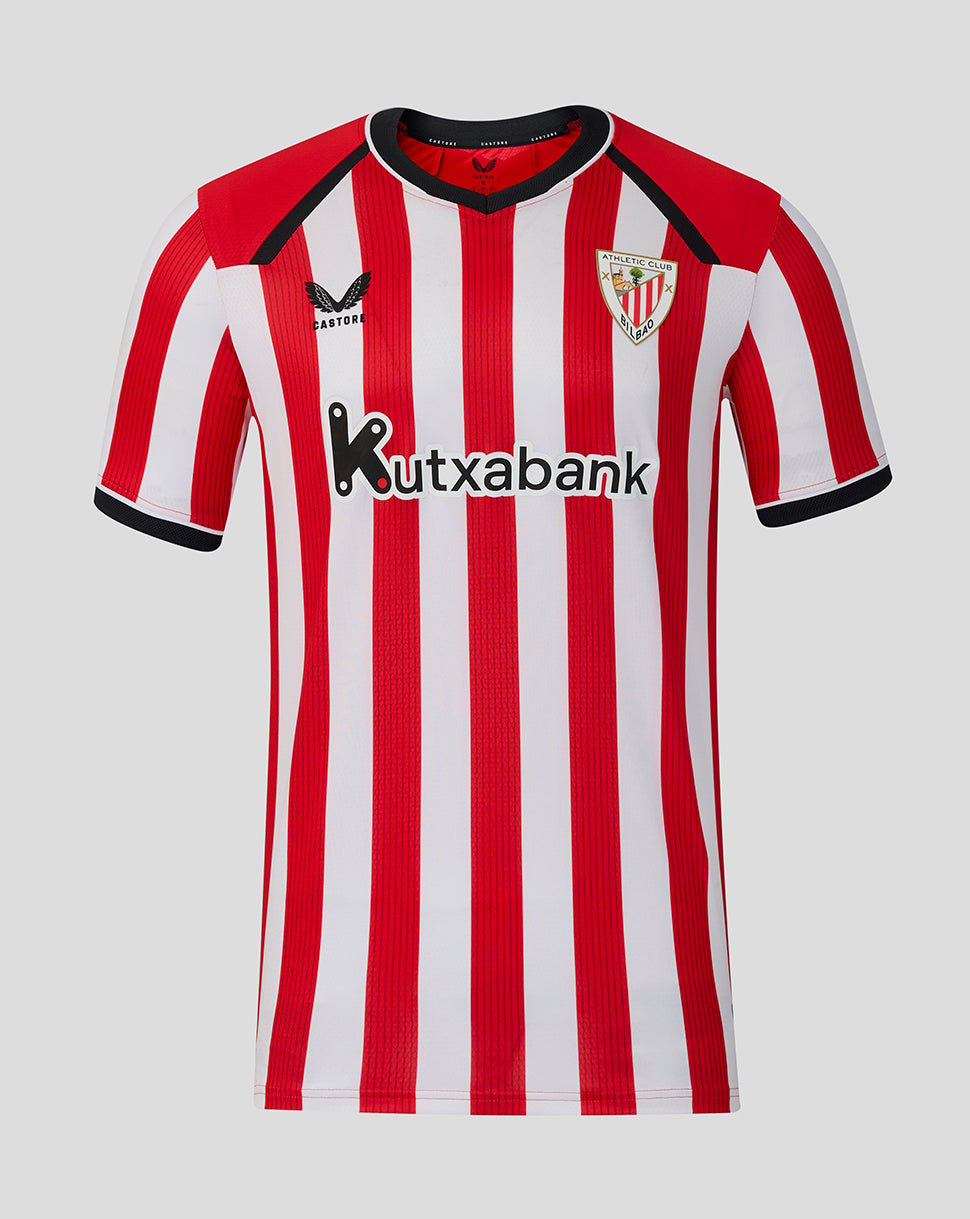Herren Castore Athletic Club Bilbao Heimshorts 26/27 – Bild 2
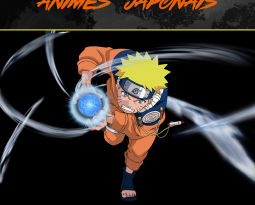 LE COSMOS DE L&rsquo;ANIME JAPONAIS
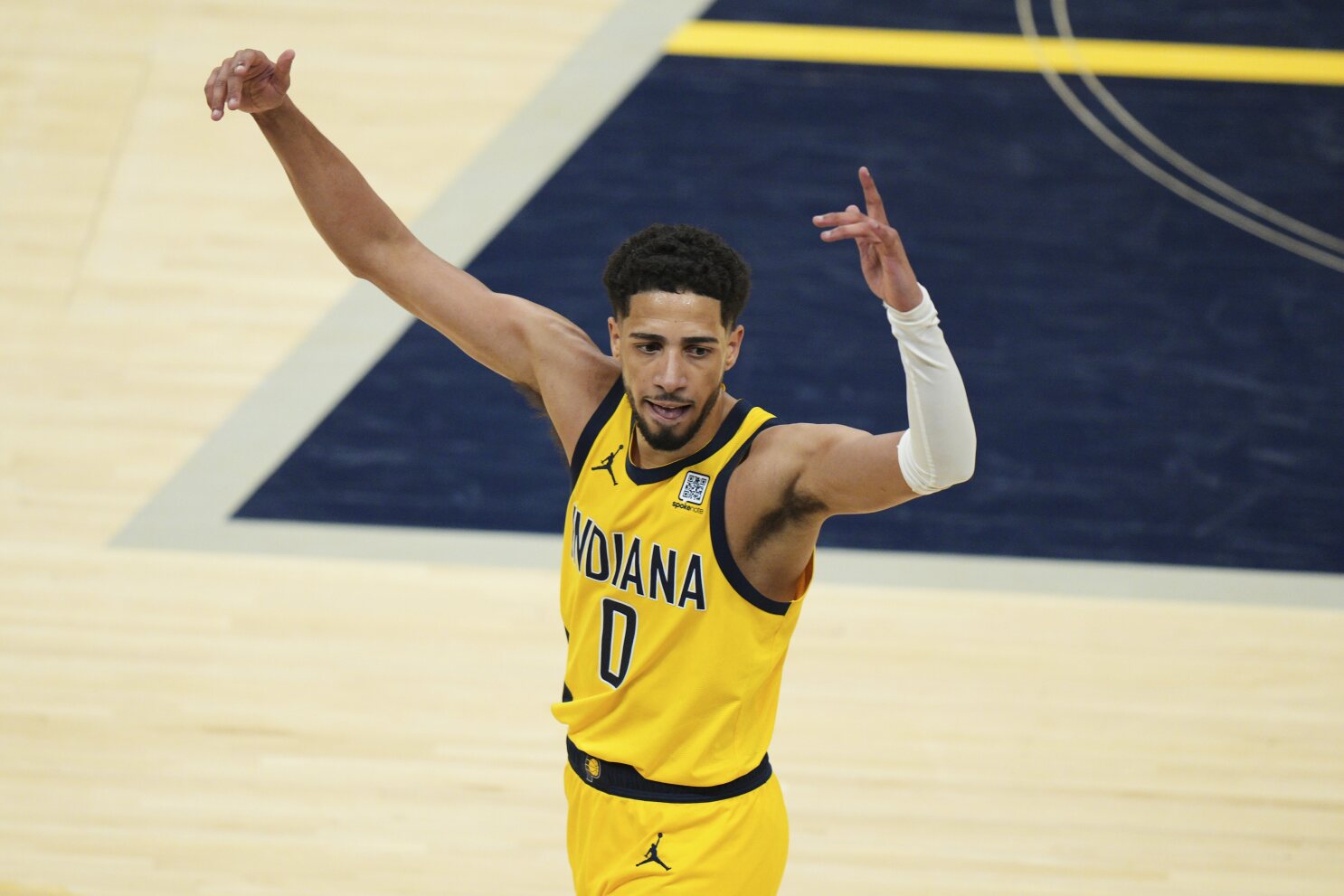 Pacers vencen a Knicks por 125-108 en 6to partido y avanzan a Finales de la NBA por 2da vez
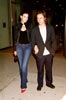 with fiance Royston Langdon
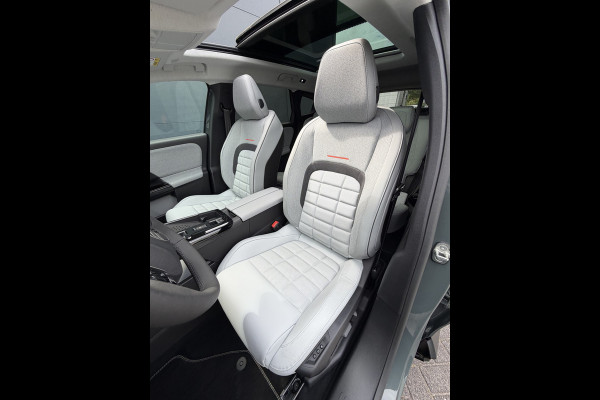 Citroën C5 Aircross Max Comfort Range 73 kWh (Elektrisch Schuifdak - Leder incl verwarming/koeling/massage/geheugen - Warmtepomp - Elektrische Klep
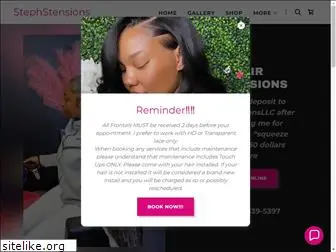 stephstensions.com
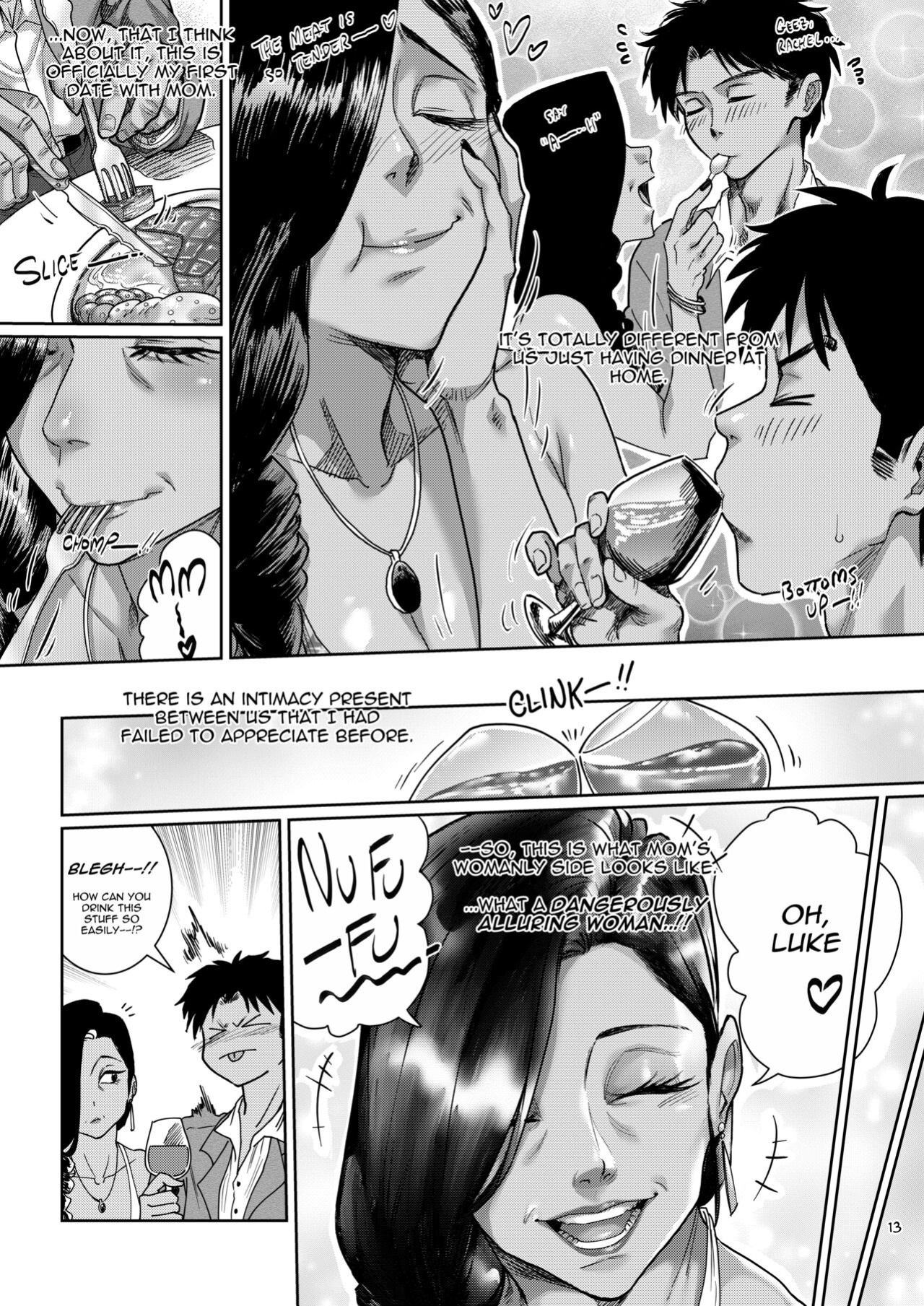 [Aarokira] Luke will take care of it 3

==================================================

- **Task statement**:
Stop at the line containing "with fiance Royston Langdon" and include it. Everything from the first line of the material up to there is to be repeated exactly, leaving out pictures.

- **Exercise result**:
Herren Castore Athletic Club Bilbao Heimshorts 26/27 – Bild 2
 LE COSMOS DE L&rsquo;ANIME JAPONAIS
 Pacers vencen a Knicks por 125-108 en 6to partido y avanzan a Finales de la NBA por 2da vez
 with fiance Royston Langdon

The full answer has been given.